Re: [PATCH v3 6/8] nvme-tcp: Support KeyUpdate

From: Hannes Reinecke <hare@suse.de>
Date: 2025-10-06 06:34:36
Also in: linux-doc, linux-nfs, linux-nvme, lkml

On 10/3/25 06:31, alistair23@gmail.com wrote:

From: Alistair Francis <redacted>

If the nvme_tcp_try_send() or nvme_tcp_try_recv() functions return
EKEYEXPIRED then the underlying TLS keys need to be updated. This occurs
on an KeyUpdate event.

If the NVMe Target (TLS server) initiates a KeyUpdate this patch will
allow the NVMe layer to process the KeyUpdate request and forward the
request to userspace. Userspace must then update the key to keep the
connection alive.

This patch allows us to handle the NVMe target sending a KeyUpdate
request without aborting the connection. At this time we don't support
initiating a KeyUpdate.

Link: https://datatracker.ietf.org/doc/html/rfc8446#section-4.6.3
Signed-off-by: Alistair Francis <redacted>
---
v3:
  - Don't cancel existing handshake requests
v2:
  - Don't change the state
  - Use a helper function for KeyUpdates
  - Continue sending in nvme_tcp_send_all() after a KeyUpdate
  - Remove command message using recvmsg

  drivers/nvme/host/tcp.c | 60 ++++++++++++++++++++++++++++++++++++-----
  1 file changed, 54 insertions(+), 6 deletions(-)

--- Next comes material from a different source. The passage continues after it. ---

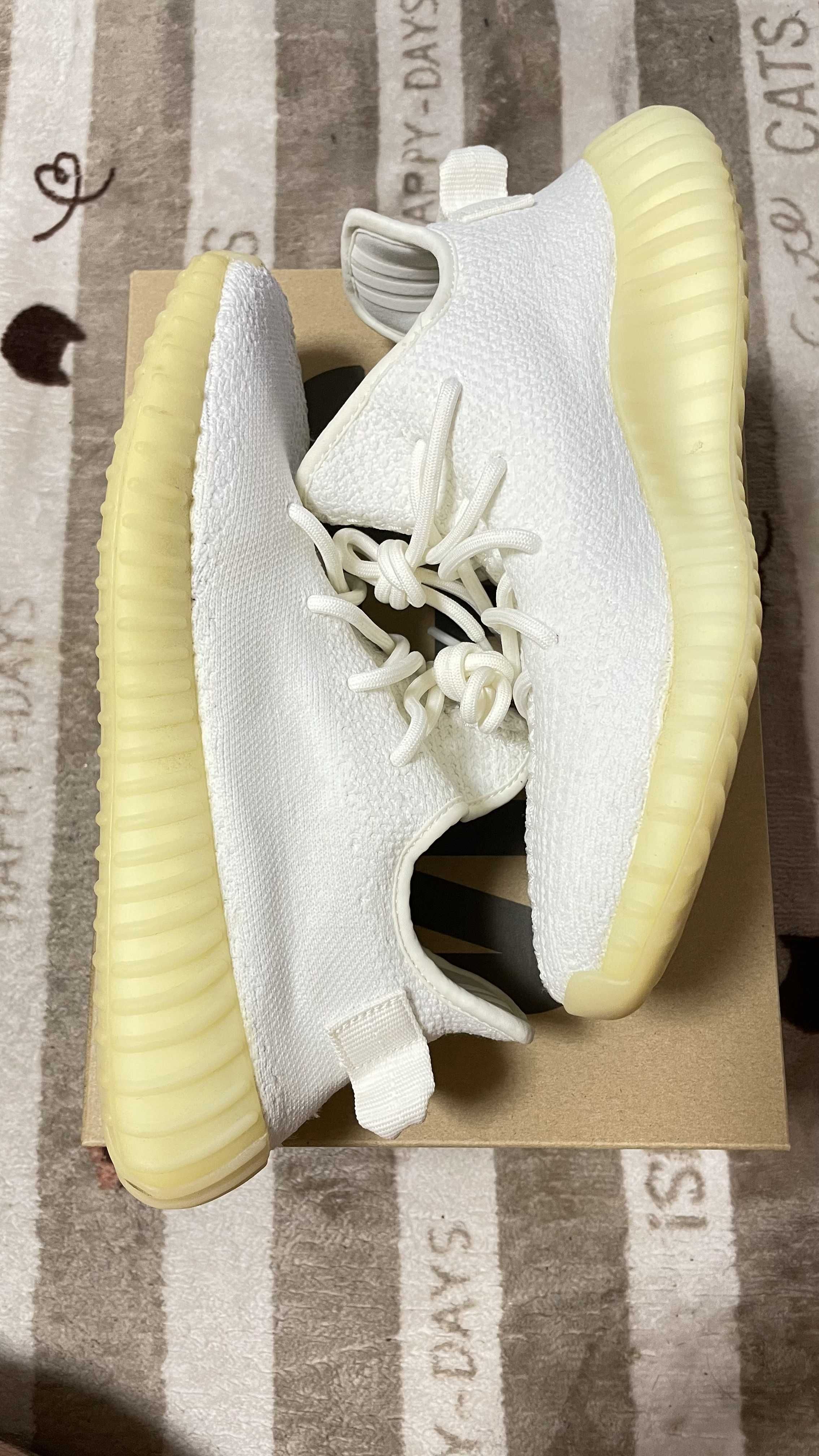 adidas YEEZY Boost 350 V2 "Cream White"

Weelll ... Checking the code the network stack will only return
-EKEYEXPIRED on recvmsg() (as it parses the TLS message on receive).
So really this is handling an incoming KeyUpdate request only.
And I would keep it that way, as initiating a KeyUpdate request
is quite different (conceptually) than handling an incoming one.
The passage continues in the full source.